Print Catalogs Are (Not) Dead

Note to L.L. Bean: Received all eight Christmas catalogs. Thank you.

Interestingly, they didn’t send the same one eight times. Nosiree.

Instead, each catalog showed up in a different disguise for a different audience. There was the one for him, for her, for the home and for the outdoors. Then there was the gift guide, the holiday catalog, the special-edition and, of course, the official Christmas catalog.

Now I’m sure from time to time you’ve heard that one or another traditional means of communication has passed on to the netherworld: cold calling, white papers, TV advertising, Morse Code, or whatever.

And for eons one of the foretold casualties of modern marketing has been the print catalog.

Experts say the reasons are just too persuasive: rising costs of production and postage, too anti-green, and the increasing role of the Internet in commerce.

Don’t believe ’em.

But just as with Santa Claus, the myth is mightier than the reality.

The National Directory of Catalogs boasts over 12,000 consumer and business-to-business catalogs in its database. A big number. And for good reason…

They work.

According to the marketing research group FGI, half of those who get catalogs read every single one (Get a life, huh?). And when ecommerce or brick-and-mortar stores cut back on catalog distributions, sales drop big time.

And here’s the kicker: Three out of four people who buy from catalogs have done so online.

All of which begs the questions: Why do print catalogs still work in the Age of Twitter? And if most people end up buying online, then why produce them at all?

Generation and Fulfillment – Two sides of the same coin

It turns out the Internet is great at demand fulfillment. It’s not so hot at demand generation.

That’s because the Internet is a reactive beast that performs only the tasks we tell it: find information, entertain me, socialize with friends and family, and buy this thing.

And while we’re focused on performing those tasks we tend to ignore irrelevant distractions – like banner ads – that in other contexts might pique our interest.

Catalogs, on the other hand, are proactive. They stare at us seductively from the coffee table. We look at them when we’re not otherwise occupied. And flipping through them reveals a bunch of stuff we forgot we needed or didn’t know existed.

“Hey look, left-handed barbecue spatulas. I gotta get me one, pronto.”

At that point, we’re off to the Web to put in our orders. Or maybe to find out the best brands, read the reviews and compare prices.

Catalogs – like advertising, direct mail, books, research papers, published articles, presentations, workshops, and PR campaigns – grab us by our collars and show us what’s new, what’s possible, and what’s on the horizon.

On the other hand, inbound marketing, social media, websites, content marketing and online catalogs help those who are already aware of a need to be satisfied or a problem to be solved. They inform the buying process once the demand bug has bitten.

That’s where the Internet shines.

The bottom line

What we learn from catalog sellers is that demand generation and demand fulfillment are different concepts that require different approaches and tactics. Some may be online, some traditional.
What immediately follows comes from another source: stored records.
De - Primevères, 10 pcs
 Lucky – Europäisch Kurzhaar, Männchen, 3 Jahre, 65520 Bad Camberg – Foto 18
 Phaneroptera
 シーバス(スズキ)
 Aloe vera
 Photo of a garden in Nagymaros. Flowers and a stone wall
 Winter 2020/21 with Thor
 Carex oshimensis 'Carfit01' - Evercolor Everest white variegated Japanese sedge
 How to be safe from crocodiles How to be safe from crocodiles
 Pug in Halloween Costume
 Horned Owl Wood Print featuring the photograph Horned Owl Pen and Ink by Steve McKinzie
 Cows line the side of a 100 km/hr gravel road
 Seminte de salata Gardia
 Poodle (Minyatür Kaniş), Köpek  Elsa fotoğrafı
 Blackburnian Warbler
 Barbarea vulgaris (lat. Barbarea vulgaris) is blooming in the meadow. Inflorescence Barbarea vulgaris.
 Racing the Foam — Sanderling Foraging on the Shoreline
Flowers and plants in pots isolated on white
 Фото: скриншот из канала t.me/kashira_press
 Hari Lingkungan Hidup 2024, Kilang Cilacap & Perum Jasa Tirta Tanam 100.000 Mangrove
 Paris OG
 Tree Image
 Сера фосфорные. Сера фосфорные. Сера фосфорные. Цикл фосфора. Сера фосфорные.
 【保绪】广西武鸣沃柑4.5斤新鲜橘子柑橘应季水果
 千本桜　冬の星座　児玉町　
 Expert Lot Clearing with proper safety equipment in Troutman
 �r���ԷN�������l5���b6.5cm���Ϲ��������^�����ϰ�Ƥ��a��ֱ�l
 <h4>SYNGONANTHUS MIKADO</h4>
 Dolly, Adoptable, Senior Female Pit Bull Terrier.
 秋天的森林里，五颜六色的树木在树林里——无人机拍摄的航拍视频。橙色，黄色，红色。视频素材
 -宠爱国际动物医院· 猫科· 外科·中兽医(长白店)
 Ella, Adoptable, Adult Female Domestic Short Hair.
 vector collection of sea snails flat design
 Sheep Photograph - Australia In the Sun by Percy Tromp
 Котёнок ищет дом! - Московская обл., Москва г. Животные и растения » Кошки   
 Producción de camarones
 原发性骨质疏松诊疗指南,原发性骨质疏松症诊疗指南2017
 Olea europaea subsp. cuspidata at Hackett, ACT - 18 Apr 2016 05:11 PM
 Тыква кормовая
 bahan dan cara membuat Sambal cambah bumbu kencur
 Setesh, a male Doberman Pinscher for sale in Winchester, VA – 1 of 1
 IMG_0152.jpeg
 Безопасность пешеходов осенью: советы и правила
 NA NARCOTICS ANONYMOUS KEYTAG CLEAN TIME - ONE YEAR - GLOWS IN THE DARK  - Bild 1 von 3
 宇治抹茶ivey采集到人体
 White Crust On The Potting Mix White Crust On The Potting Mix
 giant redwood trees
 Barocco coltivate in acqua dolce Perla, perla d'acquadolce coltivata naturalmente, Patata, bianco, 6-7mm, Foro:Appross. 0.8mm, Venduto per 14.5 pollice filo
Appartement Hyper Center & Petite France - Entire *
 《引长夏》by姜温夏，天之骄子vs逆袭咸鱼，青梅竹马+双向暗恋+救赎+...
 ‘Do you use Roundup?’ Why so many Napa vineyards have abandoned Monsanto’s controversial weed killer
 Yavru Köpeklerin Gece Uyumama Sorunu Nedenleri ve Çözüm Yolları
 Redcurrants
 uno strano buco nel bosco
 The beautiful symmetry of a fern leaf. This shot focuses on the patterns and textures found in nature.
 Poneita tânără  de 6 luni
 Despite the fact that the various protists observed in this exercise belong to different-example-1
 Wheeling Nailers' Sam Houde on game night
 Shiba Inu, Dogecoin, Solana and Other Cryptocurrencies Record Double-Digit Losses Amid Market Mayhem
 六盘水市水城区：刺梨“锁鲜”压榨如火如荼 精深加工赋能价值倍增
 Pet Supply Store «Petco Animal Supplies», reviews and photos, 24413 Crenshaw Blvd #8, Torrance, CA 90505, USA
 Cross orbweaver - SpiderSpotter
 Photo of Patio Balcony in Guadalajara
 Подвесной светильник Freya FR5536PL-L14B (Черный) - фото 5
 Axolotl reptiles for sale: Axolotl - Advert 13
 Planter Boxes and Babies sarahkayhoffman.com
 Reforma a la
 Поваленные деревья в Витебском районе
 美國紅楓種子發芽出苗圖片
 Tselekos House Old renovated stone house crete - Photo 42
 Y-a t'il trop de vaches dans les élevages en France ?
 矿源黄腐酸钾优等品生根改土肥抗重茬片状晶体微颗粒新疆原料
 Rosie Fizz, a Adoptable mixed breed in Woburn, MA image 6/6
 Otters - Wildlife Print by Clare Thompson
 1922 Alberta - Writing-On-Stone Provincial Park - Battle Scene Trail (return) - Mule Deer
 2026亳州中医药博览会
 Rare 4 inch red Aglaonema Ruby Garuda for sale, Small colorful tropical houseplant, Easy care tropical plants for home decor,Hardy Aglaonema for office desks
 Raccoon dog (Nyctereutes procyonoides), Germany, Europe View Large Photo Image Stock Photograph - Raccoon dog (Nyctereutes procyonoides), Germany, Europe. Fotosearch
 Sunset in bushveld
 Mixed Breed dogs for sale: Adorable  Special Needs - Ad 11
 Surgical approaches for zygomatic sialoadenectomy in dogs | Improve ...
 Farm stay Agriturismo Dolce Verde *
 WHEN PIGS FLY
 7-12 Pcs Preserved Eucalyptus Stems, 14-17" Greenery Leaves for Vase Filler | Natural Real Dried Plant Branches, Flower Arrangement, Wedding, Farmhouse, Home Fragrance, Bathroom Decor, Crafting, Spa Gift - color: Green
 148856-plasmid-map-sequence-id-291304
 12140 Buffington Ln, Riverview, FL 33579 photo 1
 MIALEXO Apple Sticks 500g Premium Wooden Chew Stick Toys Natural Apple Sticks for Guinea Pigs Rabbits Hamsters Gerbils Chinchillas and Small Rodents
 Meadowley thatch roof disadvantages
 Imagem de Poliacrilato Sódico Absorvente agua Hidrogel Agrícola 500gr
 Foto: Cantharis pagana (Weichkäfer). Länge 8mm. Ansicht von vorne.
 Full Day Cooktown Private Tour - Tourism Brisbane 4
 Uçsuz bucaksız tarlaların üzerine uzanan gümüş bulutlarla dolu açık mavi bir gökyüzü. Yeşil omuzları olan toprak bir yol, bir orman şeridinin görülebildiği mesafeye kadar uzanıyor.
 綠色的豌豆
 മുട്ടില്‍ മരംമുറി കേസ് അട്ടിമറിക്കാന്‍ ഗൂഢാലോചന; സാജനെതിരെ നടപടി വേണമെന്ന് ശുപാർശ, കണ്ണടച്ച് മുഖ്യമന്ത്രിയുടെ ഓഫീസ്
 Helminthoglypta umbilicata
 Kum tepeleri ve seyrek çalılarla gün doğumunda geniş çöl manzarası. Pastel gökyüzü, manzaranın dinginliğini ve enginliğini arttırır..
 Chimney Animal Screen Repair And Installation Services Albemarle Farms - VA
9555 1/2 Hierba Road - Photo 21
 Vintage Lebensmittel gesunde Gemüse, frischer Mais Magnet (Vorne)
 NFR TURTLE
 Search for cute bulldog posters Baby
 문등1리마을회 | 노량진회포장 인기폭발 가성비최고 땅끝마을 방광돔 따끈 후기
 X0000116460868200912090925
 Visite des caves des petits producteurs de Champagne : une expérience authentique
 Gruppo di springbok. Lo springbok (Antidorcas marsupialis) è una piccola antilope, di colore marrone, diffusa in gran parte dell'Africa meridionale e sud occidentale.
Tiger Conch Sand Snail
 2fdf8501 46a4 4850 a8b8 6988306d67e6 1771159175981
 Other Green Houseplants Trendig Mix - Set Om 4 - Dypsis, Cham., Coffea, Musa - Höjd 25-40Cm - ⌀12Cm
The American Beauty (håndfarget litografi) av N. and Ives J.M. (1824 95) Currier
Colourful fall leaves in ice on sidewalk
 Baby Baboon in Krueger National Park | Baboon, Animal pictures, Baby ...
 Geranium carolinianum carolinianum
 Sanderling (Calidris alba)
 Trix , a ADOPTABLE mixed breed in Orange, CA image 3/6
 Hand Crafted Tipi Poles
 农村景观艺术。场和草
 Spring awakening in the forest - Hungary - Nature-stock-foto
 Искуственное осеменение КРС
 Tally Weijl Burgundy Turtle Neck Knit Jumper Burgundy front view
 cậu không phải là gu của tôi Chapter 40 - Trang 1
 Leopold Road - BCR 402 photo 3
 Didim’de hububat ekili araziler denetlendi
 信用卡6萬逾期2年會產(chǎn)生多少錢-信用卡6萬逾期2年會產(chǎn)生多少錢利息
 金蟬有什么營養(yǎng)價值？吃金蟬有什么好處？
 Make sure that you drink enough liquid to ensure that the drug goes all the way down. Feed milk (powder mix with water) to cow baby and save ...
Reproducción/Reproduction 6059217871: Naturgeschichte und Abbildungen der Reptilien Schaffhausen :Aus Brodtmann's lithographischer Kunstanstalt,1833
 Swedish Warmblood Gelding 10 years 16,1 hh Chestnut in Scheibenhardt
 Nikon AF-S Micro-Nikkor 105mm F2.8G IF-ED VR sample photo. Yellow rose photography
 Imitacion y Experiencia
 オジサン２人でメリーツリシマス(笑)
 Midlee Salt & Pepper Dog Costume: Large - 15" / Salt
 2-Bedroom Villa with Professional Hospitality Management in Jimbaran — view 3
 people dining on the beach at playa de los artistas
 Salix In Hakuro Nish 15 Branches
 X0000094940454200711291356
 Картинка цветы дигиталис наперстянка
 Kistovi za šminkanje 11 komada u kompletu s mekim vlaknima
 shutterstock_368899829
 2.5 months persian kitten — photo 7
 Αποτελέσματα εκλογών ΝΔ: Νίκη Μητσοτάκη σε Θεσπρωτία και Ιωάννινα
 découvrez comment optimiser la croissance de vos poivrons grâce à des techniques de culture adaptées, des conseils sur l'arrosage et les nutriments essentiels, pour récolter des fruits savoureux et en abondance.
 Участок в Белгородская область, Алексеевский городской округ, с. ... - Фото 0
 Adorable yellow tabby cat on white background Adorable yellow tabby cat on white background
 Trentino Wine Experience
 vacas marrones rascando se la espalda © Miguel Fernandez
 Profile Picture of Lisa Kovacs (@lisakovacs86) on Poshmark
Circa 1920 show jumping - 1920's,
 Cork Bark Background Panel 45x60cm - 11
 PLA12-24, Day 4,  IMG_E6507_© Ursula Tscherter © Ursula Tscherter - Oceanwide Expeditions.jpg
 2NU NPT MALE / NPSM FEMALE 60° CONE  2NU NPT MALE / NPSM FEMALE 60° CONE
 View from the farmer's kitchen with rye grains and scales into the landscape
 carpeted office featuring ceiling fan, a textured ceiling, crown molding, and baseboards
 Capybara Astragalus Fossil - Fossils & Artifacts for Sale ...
But increasingly they are a blend of the two.

So instead of thinking about digital versus non-digital, think about generation and fulfillment.

Focusing on just one side of the coin or relying on fulfillment tactics to generate demand (and vice versa) will result in prospects passing you by. And it will leave your interested prospects without a clear and logical path to purchase.

What you can do

Before 2015 gets too far down the road, resolve to take a closer look at how your marketing and sales processes work together.

Map out and analyze the tactics you use today to get each audience interested in the products and services you sell, and how you transition that interest to a purchase.

Give it a try. With a little realignment you just might flip your growth curve. Even if you don’t sell left-handed barbecue spatulas.